TASK TO CARRY OUT >> Within the records below, find the line with "바퀴와 패딩 처리된 팔걸이가" and the line with "1 Bed Flat, Woodland Gardens, N10 - Photo 1", then reproduce exactly those two lines and all lines between them, without any picture.

RECORDS SUPPLIED >>
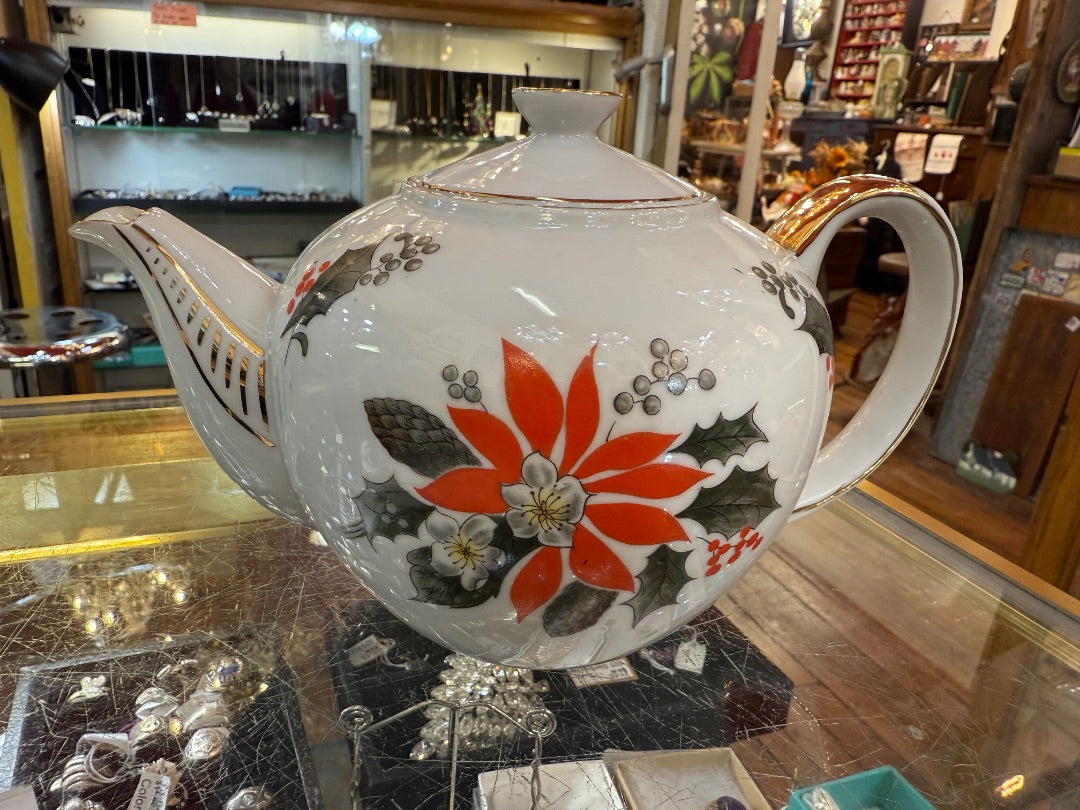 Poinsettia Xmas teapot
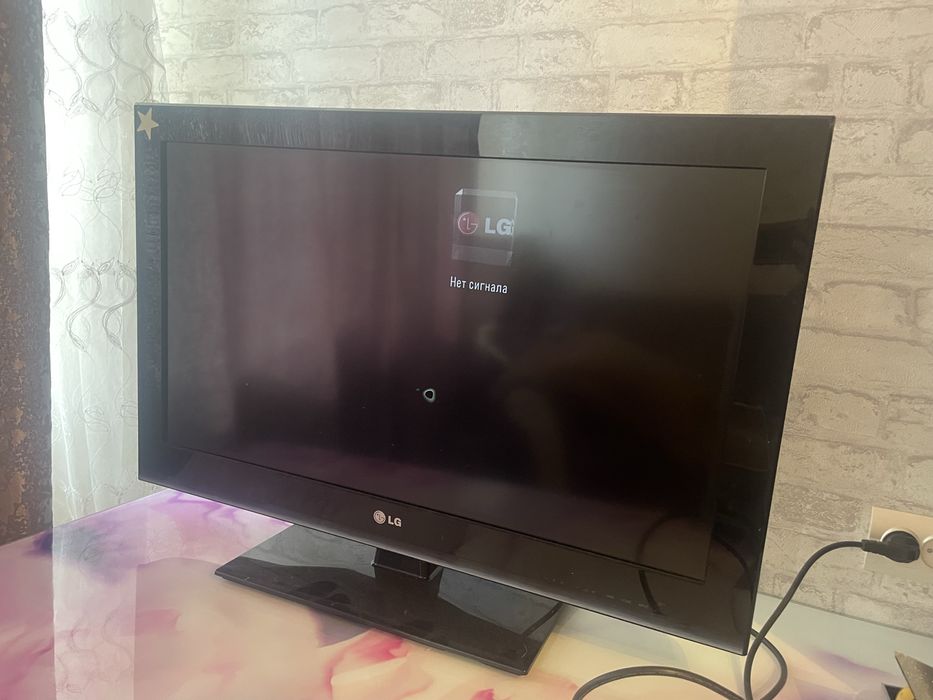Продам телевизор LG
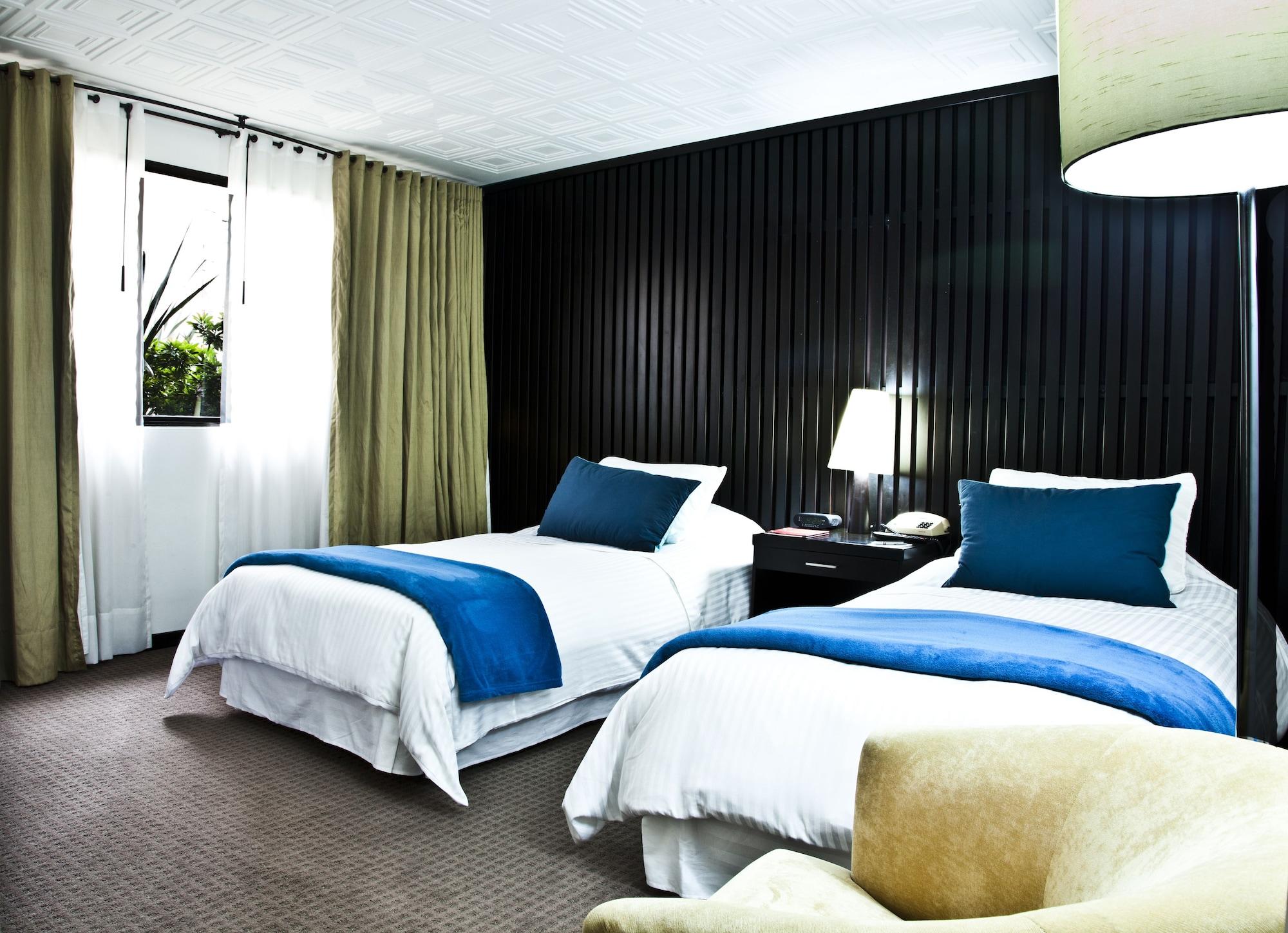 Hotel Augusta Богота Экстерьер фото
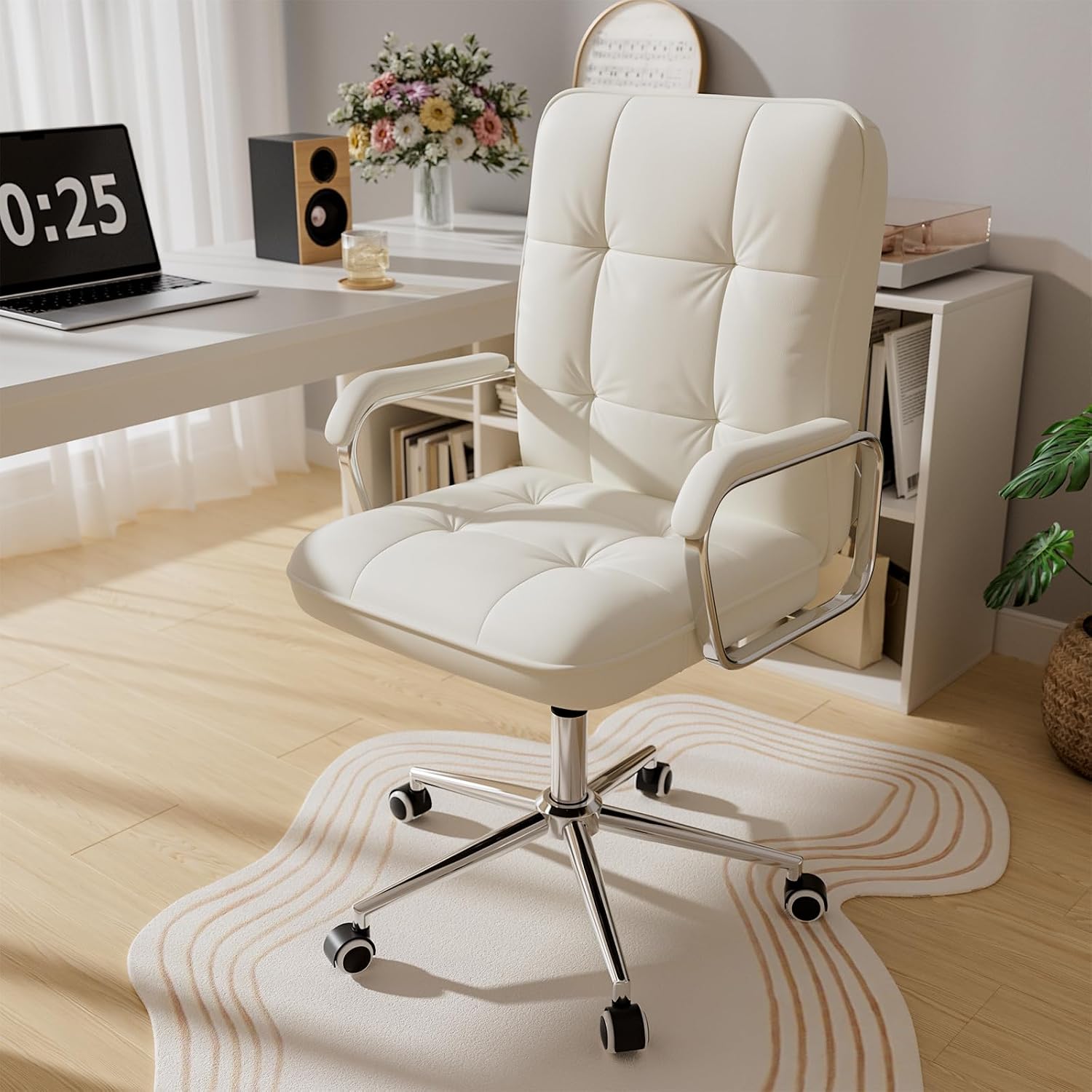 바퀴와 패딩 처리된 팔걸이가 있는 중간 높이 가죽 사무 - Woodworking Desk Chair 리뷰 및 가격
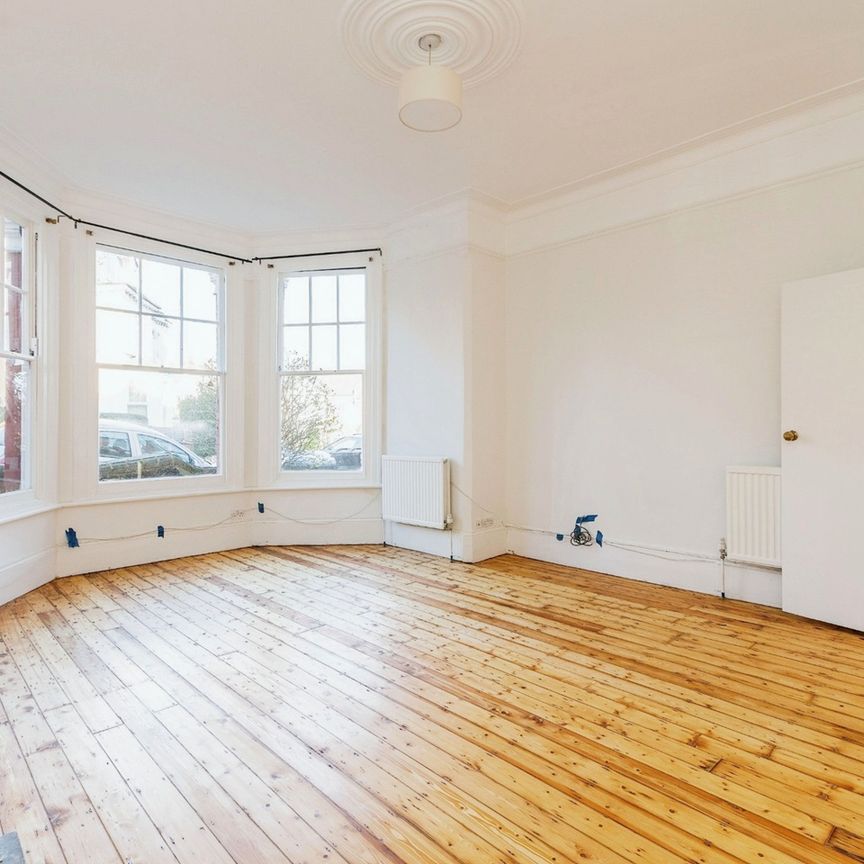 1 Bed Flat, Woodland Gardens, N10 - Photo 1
==
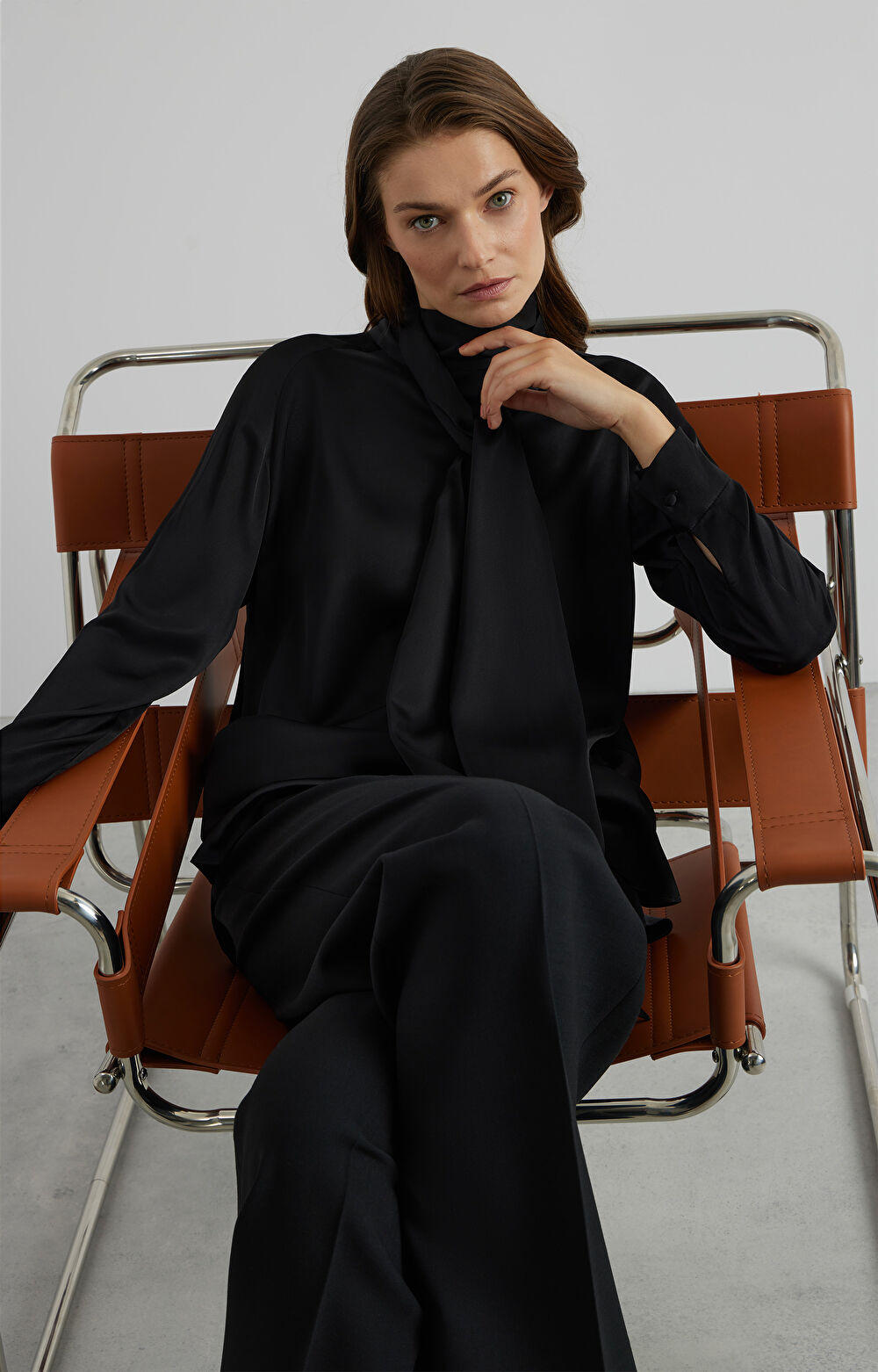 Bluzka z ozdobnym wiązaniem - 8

YOUR RESPONSE >>
 바퀴와 패딩 처리된 팔걸이가 있는 중간 높이 가죽 사무 - Woodworking Desk Chair 리뷰 및 가격
 1 Bed Flat, Woodland Gardens, N10 - Photo 1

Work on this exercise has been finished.